Whether or not Soro likes Scooter is, at this moment, unconfirmed. In terms of geeing up the rest of the squad with a massive personality, though, Soro has to be a likely candidate. He even took the bizarre End of Year Awards with incredible grace.
He just seems like a magnetic kind of character, the kind that newbies and veterans alike will enjoy playing with. Certainly, the fans already adore him. If he sticks around for the long run, then all the better.
This is obviously predicated on Kristoffer Ajer actually staying at the club.
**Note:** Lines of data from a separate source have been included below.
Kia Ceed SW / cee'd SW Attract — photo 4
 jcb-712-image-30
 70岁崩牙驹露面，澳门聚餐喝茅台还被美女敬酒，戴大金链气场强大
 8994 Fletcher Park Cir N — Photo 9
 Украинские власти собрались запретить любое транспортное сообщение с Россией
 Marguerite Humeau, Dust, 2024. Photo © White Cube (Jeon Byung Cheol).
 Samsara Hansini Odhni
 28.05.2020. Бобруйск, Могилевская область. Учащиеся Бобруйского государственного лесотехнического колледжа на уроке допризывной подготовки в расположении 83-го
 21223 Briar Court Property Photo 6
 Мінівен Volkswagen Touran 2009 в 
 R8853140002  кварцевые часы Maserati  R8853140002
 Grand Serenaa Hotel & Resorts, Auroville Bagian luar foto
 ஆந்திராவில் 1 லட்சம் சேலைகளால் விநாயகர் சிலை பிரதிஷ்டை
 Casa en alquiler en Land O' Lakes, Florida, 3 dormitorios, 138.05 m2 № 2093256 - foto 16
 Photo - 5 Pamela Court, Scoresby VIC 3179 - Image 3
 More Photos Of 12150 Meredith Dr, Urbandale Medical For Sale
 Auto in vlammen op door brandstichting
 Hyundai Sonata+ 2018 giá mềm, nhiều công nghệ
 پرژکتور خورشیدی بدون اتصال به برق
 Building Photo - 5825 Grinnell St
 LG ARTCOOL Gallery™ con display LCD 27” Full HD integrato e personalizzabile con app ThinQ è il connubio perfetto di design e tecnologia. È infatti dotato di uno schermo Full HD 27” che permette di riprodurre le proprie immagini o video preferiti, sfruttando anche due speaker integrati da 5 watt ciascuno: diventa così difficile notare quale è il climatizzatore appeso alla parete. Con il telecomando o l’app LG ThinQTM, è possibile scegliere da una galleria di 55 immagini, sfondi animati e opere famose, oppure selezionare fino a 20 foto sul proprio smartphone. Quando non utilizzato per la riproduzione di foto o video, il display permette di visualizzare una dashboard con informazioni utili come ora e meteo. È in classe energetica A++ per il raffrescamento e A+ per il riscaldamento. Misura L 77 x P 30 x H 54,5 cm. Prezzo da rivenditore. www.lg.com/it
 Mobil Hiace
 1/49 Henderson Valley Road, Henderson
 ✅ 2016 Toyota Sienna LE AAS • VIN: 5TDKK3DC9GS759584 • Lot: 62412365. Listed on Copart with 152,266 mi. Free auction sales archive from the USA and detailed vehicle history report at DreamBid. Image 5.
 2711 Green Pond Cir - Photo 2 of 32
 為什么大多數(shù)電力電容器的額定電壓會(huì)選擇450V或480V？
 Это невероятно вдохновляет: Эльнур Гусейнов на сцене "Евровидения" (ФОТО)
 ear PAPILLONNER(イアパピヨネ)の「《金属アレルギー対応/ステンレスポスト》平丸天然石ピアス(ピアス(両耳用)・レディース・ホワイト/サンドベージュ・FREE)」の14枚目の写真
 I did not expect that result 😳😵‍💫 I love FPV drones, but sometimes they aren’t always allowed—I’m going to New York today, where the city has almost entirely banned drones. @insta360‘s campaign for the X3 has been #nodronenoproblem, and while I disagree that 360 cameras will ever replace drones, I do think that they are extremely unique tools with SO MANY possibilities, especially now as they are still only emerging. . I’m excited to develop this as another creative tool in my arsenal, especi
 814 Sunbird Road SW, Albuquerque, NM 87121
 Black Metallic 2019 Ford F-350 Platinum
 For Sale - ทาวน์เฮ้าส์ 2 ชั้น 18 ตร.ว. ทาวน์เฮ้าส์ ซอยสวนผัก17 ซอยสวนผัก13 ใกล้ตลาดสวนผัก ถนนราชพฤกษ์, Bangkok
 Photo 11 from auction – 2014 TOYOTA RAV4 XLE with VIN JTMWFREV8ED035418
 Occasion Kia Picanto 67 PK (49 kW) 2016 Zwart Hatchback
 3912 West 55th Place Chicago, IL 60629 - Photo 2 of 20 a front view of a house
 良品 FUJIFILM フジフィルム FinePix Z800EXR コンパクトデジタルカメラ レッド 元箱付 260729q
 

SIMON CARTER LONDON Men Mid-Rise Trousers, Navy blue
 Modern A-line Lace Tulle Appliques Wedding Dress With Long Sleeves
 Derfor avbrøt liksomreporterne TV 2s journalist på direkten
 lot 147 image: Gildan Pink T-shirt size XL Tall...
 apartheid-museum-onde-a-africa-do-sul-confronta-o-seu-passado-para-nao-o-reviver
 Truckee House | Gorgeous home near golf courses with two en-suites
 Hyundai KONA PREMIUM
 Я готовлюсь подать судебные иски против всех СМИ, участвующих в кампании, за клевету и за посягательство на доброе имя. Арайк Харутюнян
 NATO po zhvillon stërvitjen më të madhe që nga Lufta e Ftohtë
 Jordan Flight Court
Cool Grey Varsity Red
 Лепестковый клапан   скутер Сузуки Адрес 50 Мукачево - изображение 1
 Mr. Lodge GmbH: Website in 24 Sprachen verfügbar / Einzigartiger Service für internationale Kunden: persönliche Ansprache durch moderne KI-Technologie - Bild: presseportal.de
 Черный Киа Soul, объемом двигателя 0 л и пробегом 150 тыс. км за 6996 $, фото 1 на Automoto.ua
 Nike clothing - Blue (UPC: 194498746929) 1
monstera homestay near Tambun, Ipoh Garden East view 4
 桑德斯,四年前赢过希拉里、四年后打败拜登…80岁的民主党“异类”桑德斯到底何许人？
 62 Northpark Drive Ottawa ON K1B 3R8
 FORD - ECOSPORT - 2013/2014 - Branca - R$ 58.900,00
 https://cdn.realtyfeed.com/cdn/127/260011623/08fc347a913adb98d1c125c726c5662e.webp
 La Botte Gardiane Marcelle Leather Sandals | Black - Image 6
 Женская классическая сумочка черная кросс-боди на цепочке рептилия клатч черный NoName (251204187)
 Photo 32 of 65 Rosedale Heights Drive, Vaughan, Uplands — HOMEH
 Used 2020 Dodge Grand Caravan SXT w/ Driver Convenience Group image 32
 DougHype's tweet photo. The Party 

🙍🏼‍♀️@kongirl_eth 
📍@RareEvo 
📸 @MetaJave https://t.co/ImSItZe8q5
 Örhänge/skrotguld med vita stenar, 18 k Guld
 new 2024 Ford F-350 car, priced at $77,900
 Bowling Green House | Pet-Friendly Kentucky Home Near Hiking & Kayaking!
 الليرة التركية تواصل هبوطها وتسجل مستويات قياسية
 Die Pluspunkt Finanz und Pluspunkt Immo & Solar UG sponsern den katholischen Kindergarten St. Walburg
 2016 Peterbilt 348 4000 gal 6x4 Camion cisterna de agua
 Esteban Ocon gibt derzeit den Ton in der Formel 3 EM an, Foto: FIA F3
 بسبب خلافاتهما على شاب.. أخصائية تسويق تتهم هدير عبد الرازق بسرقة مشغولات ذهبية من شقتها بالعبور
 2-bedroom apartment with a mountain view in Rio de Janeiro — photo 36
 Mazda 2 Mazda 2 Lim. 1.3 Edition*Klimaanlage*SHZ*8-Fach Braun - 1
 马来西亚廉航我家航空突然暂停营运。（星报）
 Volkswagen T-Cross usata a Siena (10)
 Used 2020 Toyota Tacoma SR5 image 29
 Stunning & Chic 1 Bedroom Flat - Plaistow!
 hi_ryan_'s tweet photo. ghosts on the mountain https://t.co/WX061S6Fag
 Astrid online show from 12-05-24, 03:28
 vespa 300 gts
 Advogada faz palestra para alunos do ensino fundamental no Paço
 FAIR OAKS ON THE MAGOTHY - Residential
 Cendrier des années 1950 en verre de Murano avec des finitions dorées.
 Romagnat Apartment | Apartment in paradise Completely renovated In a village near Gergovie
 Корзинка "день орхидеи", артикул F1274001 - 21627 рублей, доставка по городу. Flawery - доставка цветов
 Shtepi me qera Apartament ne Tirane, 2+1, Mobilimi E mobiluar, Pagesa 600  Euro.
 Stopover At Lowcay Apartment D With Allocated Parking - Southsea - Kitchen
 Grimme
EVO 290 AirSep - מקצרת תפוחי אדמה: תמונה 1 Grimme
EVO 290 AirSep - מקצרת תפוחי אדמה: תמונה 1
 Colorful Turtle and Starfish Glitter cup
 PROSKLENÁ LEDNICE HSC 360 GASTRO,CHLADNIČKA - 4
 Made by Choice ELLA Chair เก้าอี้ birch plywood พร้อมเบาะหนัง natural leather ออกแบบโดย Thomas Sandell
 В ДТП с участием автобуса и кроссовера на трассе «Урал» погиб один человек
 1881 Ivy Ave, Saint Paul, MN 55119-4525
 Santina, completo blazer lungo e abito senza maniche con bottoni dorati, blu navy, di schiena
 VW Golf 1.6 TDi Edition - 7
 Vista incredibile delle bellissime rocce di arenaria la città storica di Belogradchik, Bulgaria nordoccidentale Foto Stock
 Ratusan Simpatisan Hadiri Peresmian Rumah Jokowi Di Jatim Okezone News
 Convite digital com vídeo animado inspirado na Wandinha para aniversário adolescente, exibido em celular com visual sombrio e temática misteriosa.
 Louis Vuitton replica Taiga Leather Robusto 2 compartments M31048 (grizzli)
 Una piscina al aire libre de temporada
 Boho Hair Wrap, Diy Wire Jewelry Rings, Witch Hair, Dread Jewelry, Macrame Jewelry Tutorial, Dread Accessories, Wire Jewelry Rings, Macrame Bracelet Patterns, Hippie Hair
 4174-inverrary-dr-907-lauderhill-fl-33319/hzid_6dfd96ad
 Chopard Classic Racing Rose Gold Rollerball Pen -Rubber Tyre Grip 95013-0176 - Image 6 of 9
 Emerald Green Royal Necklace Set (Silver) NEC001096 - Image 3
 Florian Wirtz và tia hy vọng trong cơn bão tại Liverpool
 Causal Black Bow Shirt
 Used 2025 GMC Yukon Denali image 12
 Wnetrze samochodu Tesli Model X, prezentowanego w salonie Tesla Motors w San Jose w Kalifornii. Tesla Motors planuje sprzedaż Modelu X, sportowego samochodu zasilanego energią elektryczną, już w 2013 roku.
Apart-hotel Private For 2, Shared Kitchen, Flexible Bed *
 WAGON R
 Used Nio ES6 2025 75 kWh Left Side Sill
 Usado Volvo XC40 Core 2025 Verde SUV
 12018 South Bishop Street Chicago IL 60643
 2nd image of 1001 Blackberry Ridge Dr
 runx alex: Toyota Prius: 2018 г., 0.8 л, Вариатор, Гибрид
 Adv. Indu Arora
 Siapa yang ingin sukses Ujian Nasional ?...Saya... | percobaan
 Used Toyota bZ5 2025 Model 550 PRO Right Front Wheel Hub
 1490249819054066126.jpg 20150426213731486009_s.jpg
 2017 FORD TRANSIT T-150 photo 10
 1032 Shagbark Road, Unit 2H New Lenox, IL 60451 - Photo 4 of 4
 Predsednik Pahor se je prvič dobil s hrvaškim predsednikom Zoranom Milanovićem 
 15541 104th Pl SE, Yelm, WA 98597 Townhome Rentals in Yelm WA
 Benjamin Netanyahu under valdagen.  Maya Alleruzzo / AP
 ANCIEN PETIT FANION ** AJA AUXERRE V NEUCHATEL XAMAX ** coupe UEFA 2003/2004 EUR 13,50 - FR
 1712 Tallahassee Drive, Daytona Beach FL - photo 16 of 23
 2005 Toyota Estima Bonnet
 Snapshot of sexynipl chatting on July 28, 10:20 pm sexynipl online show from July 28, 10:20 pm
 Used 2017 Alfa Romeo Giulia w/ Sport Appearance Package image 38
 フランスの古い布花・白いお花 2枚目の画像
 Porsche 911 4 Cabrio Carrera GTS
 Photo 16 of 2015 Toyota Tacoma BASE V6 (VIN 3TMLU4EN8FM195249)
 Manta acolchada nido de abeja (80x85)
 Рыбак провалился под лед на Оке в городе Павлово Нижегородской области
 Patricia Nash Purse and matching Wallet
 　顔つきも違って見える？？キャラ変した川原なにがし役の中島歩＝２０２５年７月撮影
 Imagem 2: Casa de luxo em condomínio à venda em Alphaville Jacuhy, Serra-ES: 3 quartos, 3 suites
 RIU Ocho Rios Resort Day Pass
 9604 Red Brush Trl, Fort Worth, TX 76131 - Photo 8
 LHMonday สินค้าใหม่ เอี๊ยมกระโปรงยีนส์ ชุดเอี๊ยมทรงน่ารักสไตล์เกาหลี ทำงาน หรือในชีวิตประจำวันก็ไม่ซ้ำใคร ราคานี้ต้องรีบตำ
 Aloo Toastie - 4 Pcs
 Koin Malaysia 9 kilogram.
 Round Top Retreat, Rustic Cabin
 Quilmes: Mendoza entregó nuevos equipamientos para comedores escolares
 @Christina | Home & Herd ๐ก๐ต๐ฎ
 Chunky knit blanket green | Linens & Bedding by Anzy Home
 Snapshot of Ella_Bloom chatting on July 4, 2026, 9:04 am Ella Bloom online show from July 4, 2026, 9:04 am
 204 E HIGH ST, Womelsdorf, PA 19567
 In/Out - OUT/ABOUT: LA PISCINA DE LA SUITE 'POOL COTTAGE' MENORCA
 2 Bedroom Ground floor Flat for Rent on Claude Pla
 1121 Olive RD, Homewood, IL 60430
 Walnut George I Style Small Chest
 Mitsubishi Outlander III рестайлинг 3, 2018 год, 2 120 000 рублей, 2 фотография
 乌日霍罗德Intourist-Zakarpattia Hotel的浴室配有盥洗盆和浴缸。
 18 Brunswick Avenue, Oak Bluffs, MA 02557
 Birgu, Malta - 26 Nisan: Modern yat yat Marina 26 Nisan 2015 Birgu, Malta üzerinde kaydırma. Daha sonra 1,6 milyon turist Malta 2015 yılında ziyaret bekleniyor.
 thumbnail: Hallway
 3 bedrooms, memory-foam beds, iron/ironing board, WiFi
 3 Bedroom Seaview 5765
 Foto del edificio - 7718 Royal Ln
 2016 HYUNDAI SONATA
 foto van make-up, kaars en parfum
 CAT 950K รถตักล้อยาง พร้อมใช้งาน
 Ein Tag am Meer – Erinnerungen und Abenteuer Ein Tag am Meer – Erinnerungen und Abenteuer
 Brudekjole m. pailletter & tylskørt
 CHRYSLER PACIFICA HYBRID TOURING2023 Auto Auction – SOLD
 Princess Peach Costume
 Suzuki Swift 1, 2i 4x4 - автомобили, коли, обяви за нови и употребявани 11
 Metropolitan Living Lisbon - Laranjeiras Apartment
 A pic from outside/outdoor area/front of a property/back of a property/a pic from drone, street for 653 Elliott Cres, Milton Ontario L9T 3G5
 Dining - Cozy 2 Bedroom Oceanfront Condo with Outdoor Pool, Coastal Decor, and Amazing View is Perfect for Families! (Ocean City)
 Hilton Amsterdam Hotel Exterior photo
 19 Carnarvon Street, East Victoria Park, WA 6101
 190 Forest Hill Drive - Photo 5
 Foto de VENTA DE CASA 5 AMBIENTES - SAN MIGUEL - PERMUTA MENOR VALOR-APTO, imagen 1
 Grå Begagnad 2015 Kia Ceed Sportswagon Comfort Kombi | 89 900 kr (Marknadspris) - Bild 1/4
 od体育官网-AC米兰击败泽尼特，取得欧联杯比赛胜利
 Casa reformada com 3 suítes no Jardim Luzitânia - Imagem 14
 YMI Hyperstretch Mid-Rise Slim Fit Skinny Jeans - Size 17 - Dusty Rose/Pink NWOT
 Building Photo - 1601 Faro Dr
While Celtic will be fielding offers in the summer [Chronicle Live], it’s not impossible to think that the lanky Norwegian might want to stay at the club.
Probably the most outwardly emotional of the guaranteed starters at the club, Ajer impressed supporters by celebrating tackles like goals, and his willingness to put himself in the thick of action is an asset. Fine, there are faults in his game and he’s by no means perfect, but he could still develop into our best player with good coaching and patience.
Again, this is if he stays. But he seems to get what Celtic are about. He’s won titles and tasted defeat now, during his tenure, and there’s nothing concrete to suggest he wouldn’t stay to get the Bhoys back on the summit where we belong.
Perhaps he’s the fire to McGregor’s ice, the vinegar to McGregor’s honey. Or, if you don’t like clichés, he can be the enforcer while CalMac leads by example. Ajer must surely know that there are better days ahead at the club if he’s willing to make a commitment.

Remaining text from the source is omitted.